[DATA SUPPLIED — start]

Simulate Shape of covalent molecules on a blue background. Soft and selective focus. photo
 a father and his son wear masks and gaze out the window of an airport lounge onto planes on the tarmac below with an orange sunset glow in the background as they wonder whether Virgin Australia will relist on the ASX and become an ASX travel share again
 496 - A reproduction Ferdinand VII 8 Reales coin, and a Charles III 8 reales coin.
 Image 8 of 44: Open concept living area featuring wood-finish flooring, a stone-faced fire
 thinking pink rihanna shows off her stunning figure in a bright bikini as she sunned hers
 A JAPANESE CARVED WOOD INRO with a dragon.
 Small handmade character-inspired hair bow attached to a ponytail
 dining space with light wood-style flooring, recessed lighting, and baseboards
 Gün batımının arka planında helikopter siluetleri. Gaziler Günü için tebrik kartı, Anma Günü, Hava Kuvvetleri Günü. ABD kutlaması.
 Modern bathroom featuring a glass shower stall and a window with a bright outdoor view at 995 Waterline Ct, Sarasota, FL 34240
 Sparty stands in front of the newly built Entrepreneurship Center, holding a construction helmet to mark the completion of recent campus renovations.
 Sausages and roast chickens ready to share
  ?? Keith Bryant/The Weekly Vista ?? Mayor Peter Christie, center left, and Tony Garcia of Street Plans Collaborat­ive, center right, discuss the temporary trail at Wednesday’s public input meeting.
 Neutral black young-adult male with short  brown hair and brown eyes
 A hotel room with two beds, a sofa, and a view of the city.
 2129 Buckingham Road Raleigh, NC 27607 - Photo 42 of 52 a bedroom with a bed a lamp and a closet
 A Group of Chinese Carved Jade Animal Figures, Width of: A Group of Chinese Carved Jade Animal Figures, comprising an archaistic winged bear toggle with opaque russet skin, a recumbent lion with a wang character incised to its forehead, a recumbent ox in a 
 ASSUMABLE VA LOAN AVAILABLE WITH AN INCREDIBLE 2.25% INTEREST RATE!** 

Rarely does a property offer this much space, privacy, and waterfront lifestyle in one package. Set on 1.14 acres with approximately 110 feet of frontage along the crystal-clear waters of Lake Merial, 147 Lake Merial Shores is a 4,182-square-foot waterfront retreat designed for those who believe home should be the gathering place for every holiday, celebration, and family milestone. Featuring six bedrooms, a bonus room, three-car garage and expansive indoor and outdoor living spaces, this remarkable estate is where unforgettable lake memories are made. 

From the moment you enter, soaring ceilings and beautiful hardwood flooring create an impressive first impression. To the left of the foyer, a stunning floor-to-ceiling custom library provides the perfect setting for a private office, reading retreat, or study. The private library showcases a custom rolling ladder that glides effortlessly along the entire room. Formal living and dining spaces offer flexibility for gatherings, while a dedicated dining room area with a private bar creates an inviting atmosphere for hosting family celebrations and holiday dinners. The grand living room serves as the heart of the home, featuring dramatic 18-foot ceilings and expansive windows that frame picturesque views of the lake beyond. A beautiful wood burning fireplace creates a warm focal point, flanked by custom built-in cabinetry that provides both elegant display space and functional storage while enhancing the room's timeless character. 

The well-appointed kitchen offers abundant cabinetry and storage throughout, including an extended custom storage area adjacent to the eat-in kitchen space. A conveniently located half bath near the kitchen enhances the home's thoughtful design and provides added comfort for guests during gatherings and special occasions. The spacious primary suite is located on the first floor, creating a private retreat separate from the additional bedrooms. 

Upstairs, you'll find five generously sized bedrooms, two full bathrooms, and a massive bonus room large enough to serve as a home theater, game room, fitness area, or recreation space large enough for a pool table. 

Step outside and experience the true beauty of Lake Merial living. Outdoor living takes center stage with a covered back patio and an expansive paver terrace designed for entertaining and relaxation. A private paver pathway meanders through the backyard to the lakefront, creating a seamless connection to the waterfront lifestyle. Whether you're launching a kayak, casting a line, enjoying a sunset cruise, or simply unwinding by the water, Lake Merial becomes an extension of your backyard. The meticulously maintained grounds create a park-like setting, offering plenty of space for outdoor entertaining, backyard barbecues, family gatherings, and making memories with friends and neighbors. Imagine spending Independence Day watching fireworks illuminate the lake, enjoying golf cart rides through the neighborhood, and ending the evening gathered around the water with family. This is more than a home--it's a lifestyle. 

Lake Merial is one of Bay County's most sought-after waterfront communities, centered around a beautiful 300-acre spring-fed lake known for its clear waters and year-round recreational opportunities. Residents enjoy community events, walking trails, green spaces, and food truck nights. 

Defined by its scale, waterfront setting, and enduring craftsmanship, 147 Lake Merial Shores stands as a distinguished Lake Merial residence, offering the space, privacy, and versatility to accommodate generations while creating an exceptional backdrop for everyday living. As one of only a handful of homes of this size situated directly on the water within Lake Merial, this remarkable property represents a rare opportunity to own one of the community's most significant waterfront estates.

[DATA SUPPLIED — finish]

▶ [TRY IT]
Once you have read the records above, output each of them verbatim.

▶ [RESULT OF THE EXERCISE]
Simulate Shape of covalent molecules on a blue background. Soft and selective focus. photo
 a father and his son wear masks and gaze out the window of an airport lounge onto planes on the tarmac below with an orange sunset glow in the background as they wonder whether Virgin Australia will relist on the ASX and become an ASX travel share again
 496 - A reproduction Ferdinand VII 8 Reales coin, and a Charles III 8 reales coin.
 Image 8 of 44: Open concept living area featuring wood-finish flooring, a stone-faced fire
 thinking pink rihanna shows off her stunning figure in a bright bikini as she sunned hers
 A JAPANESE CARVED WOOD INRO with a dragon.
 Small handmade character-inspired hair bow attached to a ponytail
 dining space with light wood-style flooring, recessed lighting, and baseboards
 Gün batımının arka planında helikopter siluetleri. Gaziler Günü için tebrik kartı, Anma Günü, Hava Kuvvetleri Günü. ABD kutlaması.
 Modern bathroom featuring a glass shower stall and a window with a bright outdoor view at 995 Waterline Ct, Sarasota, FL 34240
 Sparty stands in front of the newly built Entrepreneurship Center, holding a construction helmet to mark the completion of recent campus renovations.
 Sausages and roast chickens ready to share
  ?? Keith Bryant/The Weekly Vista ?? Mayor Peter Christie, center left, and Tony Garcia of Street Plans Collaborat­ive, center right, discuss the temporary trail at Wednesday’s public input meeting.
 Neutral black young-adult male with short  brown hair and brown eyes
 A hotel room with two beds, a sofa, and a view of the city.
 2129 Buckingham Road Raleigh, NC 27607 - Photo 42 of 52 a bedroom with a bed a lamp and a closet
 A Group of Chinese Carved Jade Animal Figures, Width of: A Group of Chinese Carved Jade Animal Figures, comprising an archaistic winged bear toggle with opaque russet skin, a recumbent lion with a wang character incised to its forehead, a recumbent ox in a 
 ASSUMABLE VA LOAN AVAILABLE WITH AN INCREDIBLE 2.25% INTEREST RATE!** 

Rarely does a property offer this much space, privacy, and waterfront lifestyle in one package. Set on 1.14 acres with approximately 110 feet of frontage along the crystal-clear waters of Lake Merial, 147 Lake Merial Shores is a 4,182-square-foot waterfront retreat designed for those who believe home should be the gathering place for every holiday, celebration, and family milestone. Featuring six bedrooms, a bonus room, three-car garage and expansive indoor and outdoor living spaces, this remarkable estate is where unforgettable lake memories are made. 

From the moment you enter, soaring ceilings and beautiful hardwood flooring create an impressive first impression. To the left of the foyer, a stunning floor-to-ceiling custom library provides the perfect setting for a private office, reading retreat, or study. The private library showcases a custom rolling ladder that glides effortlessly along the entire room. Formal living and dining spaces offer flexibility for gatherings, while a dedicated dining room area with a private bar creates an inviting atmosphere for hosting family celebrations and holiday dinners. The grand living room serves as the heart of the home, featuring dramatic 18-foot ceilings and expansive windows that frame picturesque views of the lake beyond. A beautiful wood burning fireplace creates a warm focal point, flanked by custom built-in cabinetry that provides both elegant display space and functional storage while enhancing the room's timeless character. 

The well-appointed kitchen offers abundant cabinetry and storage throughout, including an extended custom storage area adjacent to the eat-in kitchen space. A conveniently located half bath near the kitchen enhances the home's thoughtful design and provides added comfort for guests during gatherings and special occasions. The spacious primary suite is located on the first floor, creating a private retreat separate from the additional bedrooms. 

Upstairs, you'll find five generously sized bedrooms, two full bathrooms, and a massive bonus room large enough to serve as a home theater, game room, fitness area, or recreation space large enough for a pool table. 

Step outside and experience the true beauty of Lake Merial living. Outdoor living takes center stage with a covered back patio and an expansive paver terrace designed for entertaining and relaxation. A private paver pathway meanders through the backyard to the lakefront, creating a seamless connection to the waterfront lifestyle. Whether you're launching a kayak, casting a line, enjoying a sunset cruise, or simply unwinding by the water, Lake Merial becomes an extension of your backyard. The meticulously maintained grounds create a park-like setting, offering plenty of space for outdoor entertaining, backyard barbecues, family gatherings, and making memories with friends and neighbors. Imagine spending Independence Day watching fireworks illuminate the lake, enjoying golf cart rides through the neighborhood, and ending the evening gathered around the water with family. This is more than a home--it's a lifestyle. 

Lake Merial is one of Bay County's most sought-after waterfront communities, centered around a beautiful 300-acre spring-fed lake known for its clear waters and year-round recreational opportunities. Residents enjoy community events, walking trails, green spaces, and food truck nights. 

Defined by its scale, waterfront setting, and enduring craftsmanship, 147 Lake Merial Shores stands as a distinguished Lake Merial residence, offering the space, privacy, and versatility to accommodate generations while creating an exceptional backdrop for everyday living. As one of only a handful of homes of this size situated directly on the water within Lake Merial, this remarkable property represents a rare opportunity to own one of the community's most significant waterfront estates.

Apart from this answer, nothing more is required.